Yargıtay 11. Hukuk Dairesi 2020/7990 Esas 2022/3394 Karar Sayılı İlamı

Abaküs Yazılım
11. Hukuk Dairesi
Esas No: 2020/7990
Karar No: 2022/3394
Karar Tarihi: 25.04.2022

Yargıtay 11. Hukuk Dairesi 2020/7990 Esas 2022/3394 Karar Sayılı İlamı

11. Hukuk Dairesi         2020/7990 E.  ,  2022/3394 K.

    "İçtihat Metni"

    MAHKEMESİ : BÖLGE ADLİYE MAHKEMESİ 13.HUKUK DAİRESİ

    Taraflar arasında görülen davada İstanbul Anadolu 9. Asliye Ticaret Mahkemesince verilen 15.05.2018 tarih ve 2015/1533 E- 2018/552 K. sayılı kararın davacı vekili tarafından istinaf edilmesi üzerine, istinaf isteminin esastan reddine dair İstanbul Bölge Adliye Mahkemesi 13. Hukuk Dairesi'nce verilen 24.09.2020 tarih ve 2019/53 E- 2020/921 K. sayılı kararın duruşmalı olarak Yargıtay'ca incelenmesi davacı vekili tarafından istenmiş ve temyiz dilekçesinin süresi içinde verildiği anlaşılmış olmakla, 6100 sayılı Kanun'un 369. maddesi gereğince miktar veya değer söz konusu olmaksızın duruşmalı olarak incelenmesi gereken dava ve işlerin dışında bulunduğundan duruşma isteğinin reddiyle dava dosyası için Tetkik Hakimi ... tarafından düzenlenen rapor dinlendikten ve yine dosya içerisindeki dilekçeler, duruşma tutanakları ve tüm belgeler okunup, incelendikten sonra işin gereği görüşülüp, düşünüldü:
    Davacı vekili, müvekkilinin uhdesinde bulunan ve cirantası olduğu, keşidecisi Bayındır Plastik San. Tic. Ltd. Şti. olan ve İklimya Plastik Ambalaj Geri Dönüşüm San. Tic.
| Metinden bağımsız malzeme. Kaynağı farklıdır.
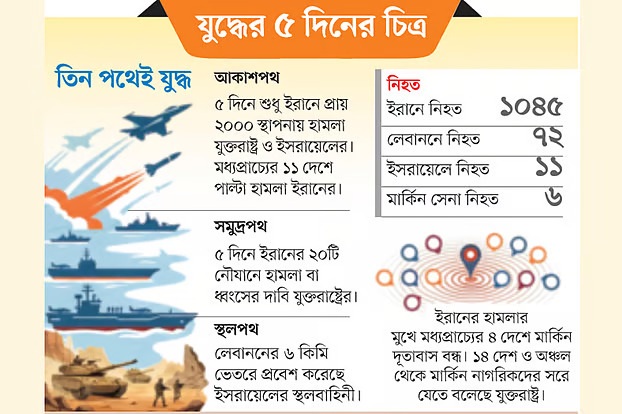 মধ্যপ্রাচ্যের যুদ্ধের প্রভাব, জ্বালানি সাশ্রয়ে সরকারের আহ্বান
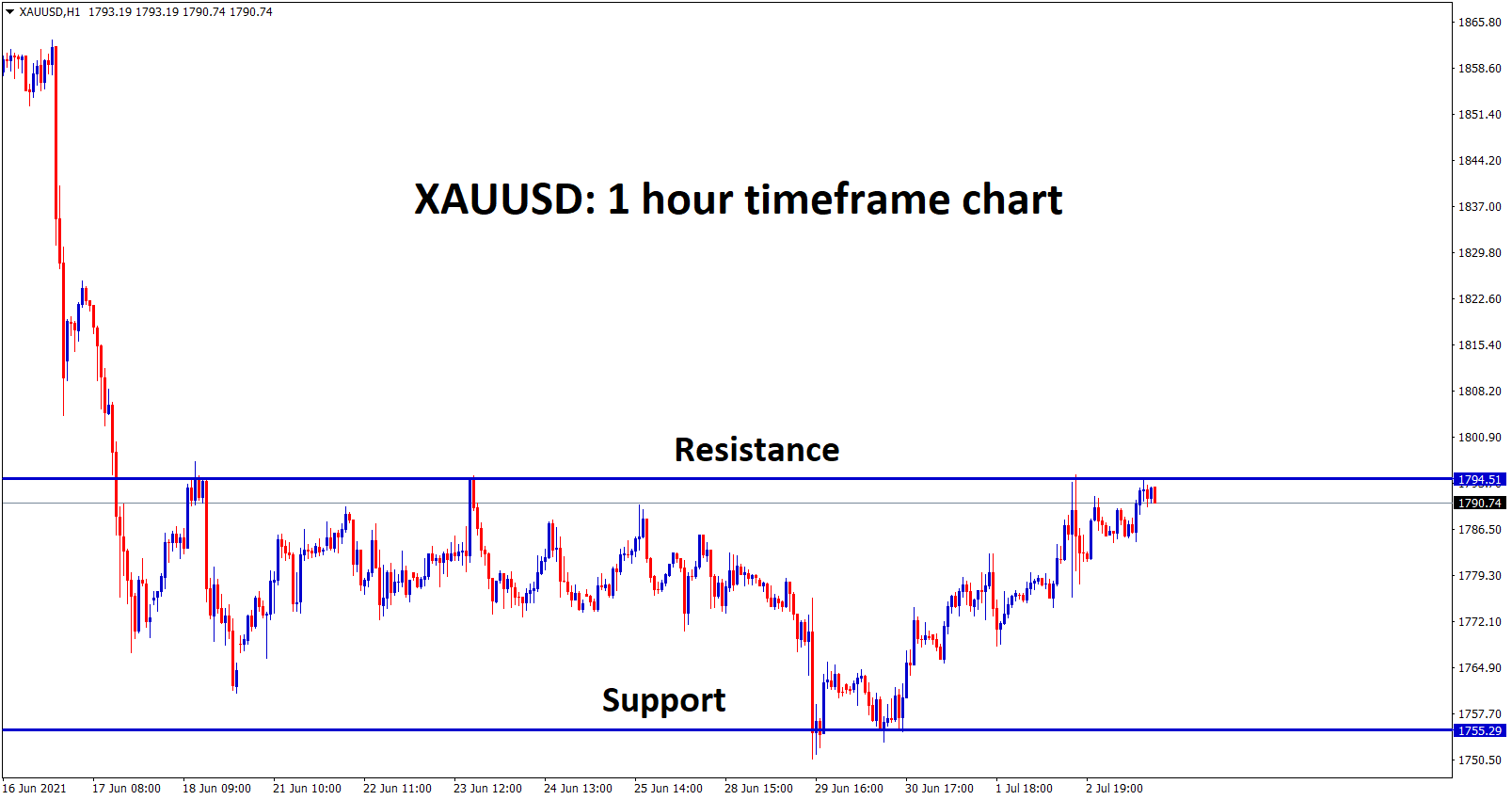 Gold is still moving betweent he resistance and support level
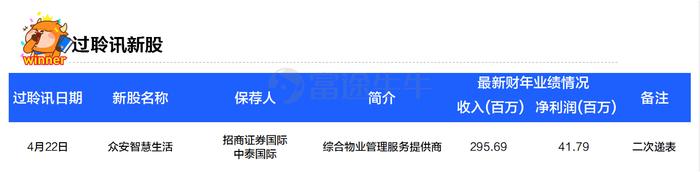 一周新股 | 多家医疗科技新锐递表港交所，阳光保险冲刺国内第十家上市险企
Ltd. Şti. lehine keşide edilmiş 30/01/2014 keşide tarihli ...numaralı 15.000,00 TL, 28/02/2014 keşide tarihli ... numaralı 15.000,00 TL, 30/03/2014 keşide tarihli ... numaralı 15.000,00 TL, 30/04/2014 keşide tarihli ... numaralı 15.000,00 TL tutarlı dört adet çekin aralarındaki ticaret gereği davalıya teslim edildiğini, davalının malları teslim yükümlülüğünü yerine getirmediğini, davalının ...numaralı çeki gününde muhatap bankadan, ... numaralı çeki Bursa 2. İcra Müdürlüğü'nün 2014/5522 sayılı dosyasından, ... numaralı ve ... numaralı çekleri Bursa 6. İcra Müdürlüğü'nün 2014/6000 sayılı dosyasından çeklerin keşidecisi olan dava dışı Bayındır Plastik Enjeksiyon Ltd. Şti.’den tahsil etmek suretiyle haksız kazanç elde ettiğini, dava dışı Bayındır şirketinin ödemek zorunda kaldığı meblağı, müvekkilinden ticari ilişkisi gereği tahsil ettiğini ileri sürerek dava konusu çekler yönünden davalıya borçlu olunmadığının tespiti ile çekler için ödenen toplam 73.987,84 TL’nın ödeme tarihlerinden itibaren ayrı ayrı hesaplanacak avans faizi ile birlikte davalıdan tahsiline karar verilmesini talep ve dava etmiştir.
    Davalı vekili, istirdatı talep edilen 30/01/2014 tarihli çek için davacı şirket tarafından Bursa 4. Asliye Ticaret Mahkemesi'nin 2014/116 esas 2014/272 karar sayılı dosyası ile açılan istirdat davasının çekin alacaklısı olmadığı gerekçesi ile reddedildiğini, davacının çeklerin alacaklısı meşru hamili olmadığı sabit olduğundan davacının taraf ehliyeti bulunmadığından davanın reddi gerektiğini, davalı ve davacı şirketler arasında herhangi bir ticari ilişki olmadığını, çeklerin müvekkiline beyaz ciro ile meşru hamil olan... tarafından ortağı olduğu dava dışı Fer Plastik Ltd. Şti.’nin borcuna karşılık olarak verildiğini, dava konusu çeklerin rızaları ile davacı şirketin yetkilisi ...’in eşi...’e ve onun tarafından da müvekkiline verilmiş olduğunu savunarak davanın reddini istemiştir.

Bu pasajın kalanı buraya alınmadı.